Doença neurológica desconhecida afeta cada vez mais jovens adultos no Canadá

emre keshavarz / Pexels

Estão a surgir cada vez mais casos novos em New Brunswick, que sugerem a possibilidade de a causa ser ambiental.

Segundo o The Guardian, na província canadiana de New Brunswick surgiu alegadamente uma doença neurológica progressiva que tem confundido os especialistas há mais de dois anos, parece afetar um número crescente de jovens e provocar um rápido declínio cognitivo entre alguns dos afetados.

Um funcionário da Vitalité Health Network, em entrevista com o The Guardian, uma das duas autoridades sanitárias da província, disse que os casos suspeitos estão a aumentar e que os jovens adultos sem antecedentes de problemas de saúde estão a desenvolver sintomas preocupantes.

Os sintomas incluem perda de peso rápida, insónias, alucinações, dificuldades de concentração e mobilidade limitada.

O número oficial de casos sob investigação, 48 doentes, permanece inalterado desde que foi anunciado pela primeira vez no início da primavera de 2021.

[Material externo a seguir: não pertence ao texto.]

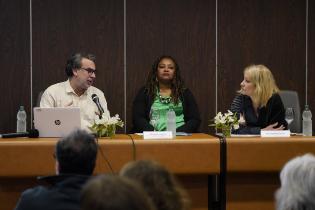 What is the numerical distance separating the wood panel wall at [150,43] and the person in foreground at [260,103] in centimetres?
111

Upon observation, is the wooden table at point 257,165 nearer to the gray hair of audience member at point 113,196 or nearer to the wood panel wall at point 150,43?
the wood panel wall at point 150,43

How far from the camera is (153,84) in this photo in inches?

Mas múltiplas fontes afirmam que já está a atingir mais de 150 pessoas, com uma acumulação de casos de jovens que requerem uma avaliação mais aprofundada.

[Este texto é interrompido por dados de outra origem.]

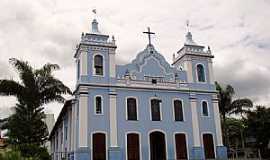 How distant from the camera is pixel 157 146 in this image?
2442cm

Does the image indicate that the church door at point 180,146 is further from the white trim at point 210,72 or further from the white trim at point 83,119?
the white trim at point 83,119

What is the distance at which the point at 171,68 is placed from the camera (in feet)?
85.3

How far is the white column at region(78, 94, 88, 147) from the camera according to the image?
71.1 feet

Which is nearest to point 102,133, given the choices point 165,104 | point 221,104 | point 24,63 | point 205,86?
point 165,104

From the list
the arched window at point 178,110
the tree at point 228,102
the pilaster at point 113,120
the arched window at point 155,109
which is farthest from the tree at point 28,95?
the tree at point 228,102

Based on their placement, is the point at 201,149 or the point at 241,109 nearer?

“Estou verdadeiramente preocupado com estes casos porque parecem evoluir tão rapidamente”, notou a fonte do The Guardian. “Estou preocupado com eles e devemos-lhes algum tipo de explicação”.

Já foram registados pelo menos nove casos em que duas pessoas em contacto com doentes, mesmo sem ligações genéticas, desenvolveram sintomas, sugerindo que podem estar envolvidos fatores ambientais.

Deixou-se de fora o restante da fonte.